## What you are asked to do
Copy every line of the data in which the word "from" occurs.

## Data to process
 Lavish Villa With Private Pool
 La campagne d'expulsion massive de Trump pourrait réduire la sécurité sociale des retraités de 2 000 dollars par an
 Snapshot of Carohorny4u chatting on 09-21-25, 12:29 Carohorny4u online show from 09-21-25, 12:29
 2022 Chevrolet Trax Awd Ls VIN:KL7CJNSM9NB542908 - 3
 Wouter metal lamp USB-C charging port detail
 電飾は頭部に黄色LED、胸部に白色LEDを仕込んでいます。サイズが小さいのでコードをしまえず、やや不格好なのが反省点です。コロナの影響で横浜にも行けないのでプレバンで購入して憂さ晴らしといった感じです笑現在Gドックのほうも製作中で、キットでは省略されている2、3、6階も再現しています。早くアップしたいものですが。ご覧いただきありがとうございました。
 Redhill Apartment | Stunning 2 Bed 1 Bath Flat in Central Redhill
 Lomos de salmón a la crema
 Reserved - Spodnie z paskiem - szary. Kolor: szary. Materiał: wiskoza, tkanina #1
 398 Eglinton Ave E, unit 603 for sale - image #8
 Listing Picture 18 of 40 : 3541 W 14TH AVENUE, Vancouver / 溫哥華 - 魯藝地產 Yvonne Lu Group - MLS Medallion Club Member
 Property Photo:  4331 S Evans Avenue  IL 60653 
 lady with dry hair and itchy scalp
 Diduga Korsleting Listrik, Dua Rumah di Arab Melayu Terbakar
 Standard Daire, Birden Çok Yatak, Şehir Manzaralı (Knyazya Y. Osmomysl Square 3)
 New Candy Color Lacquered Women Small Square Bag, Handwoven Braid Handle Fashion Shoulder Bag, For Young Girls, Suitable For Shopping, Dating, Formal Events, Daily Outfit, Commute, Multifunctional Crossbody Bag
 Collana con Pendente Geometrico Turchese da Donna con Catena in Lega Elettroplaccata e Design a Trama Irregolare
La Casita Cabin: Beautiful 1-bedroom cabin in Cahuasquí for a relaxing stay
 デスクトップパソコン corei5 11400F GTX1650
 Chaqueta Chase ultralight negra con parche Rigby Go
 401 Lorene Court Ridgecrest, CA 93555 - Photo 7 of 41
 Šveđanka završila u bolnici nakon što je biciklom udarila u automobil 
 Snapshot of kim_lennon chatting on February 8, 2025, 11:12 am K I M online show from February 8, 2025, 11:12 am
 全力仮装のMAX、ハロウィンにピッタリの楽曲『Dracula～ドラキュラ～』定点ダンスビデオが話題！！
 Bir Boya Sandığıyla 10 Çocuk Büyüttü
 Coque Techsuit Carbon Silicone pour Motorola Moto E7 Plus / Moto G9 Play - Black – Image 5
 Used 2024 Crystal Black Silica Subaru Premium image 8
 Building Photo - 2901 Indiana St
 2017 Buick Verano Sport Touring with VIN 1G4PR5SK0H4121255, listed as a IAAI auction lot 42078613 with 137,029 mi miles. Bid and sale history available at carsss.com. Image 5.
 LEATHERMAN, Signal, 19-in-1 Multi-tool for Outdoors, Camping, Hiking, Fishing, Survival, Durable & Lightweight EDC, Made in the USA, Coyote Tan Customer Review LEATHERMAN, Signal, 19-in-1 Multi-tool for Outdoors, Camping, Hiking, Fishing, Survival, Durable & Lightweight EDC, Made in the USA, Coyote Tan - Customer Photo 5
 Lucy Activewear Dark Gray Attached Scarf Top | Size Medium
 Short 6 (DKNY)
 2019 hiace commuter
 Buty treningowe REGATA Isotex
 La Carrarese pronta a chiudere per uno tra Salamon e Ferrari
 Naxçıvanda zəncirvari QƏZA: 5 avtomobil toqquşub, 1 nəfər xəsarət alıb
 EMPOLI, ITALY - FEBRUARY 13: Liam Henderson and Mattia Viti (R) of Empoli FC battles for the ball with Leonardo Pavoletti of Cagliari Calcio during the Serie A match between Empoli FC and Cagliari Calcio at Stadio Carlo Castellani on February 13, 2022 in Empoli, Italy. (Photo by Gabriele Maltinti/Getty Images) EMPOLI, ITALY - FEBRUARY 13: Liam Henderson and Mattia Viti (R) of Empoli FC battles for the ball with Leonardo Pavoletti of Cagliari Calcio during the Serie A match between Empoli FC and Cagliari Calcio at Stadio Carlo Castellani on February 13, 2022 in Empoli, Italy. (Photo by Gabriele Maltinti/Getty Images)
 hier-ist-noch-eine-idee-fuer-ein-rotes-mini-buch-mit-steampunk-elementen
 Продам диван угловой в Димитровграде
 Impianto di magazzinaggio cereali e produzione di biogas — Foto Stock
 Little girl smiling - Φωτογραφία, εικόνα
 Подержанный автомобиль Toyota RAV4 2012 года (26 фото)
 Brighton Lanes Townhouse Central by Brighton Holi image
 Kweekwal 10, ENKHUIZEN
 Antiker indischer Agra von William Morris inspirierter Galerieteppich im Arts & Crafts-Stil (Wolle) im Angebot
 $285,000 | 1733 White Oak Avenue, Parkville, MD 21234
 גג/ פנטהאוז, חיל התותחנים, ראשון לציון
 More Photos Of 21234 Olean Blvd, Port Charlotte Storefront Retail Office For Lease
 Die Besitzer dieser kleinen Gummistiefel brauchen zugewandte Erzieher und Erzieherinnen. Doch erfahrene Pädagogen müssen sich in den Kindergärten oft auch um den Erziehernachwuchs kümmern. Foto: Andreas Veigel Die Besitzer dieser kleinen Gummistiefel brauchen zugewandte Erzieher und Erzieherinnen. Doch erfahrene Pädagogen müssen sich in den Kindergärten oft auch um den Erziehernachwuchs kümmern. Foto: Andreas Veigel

## Answer box
 Snapshot of Carohorny4u chatting on 09-21-25, 12:29 Carohorny4u online show from 09-21-25, 12:29
 Snapshot of kim_lennon chatting on February 8, 2025, 11:12 am K I M online show from February 8, 2025, 11:12 am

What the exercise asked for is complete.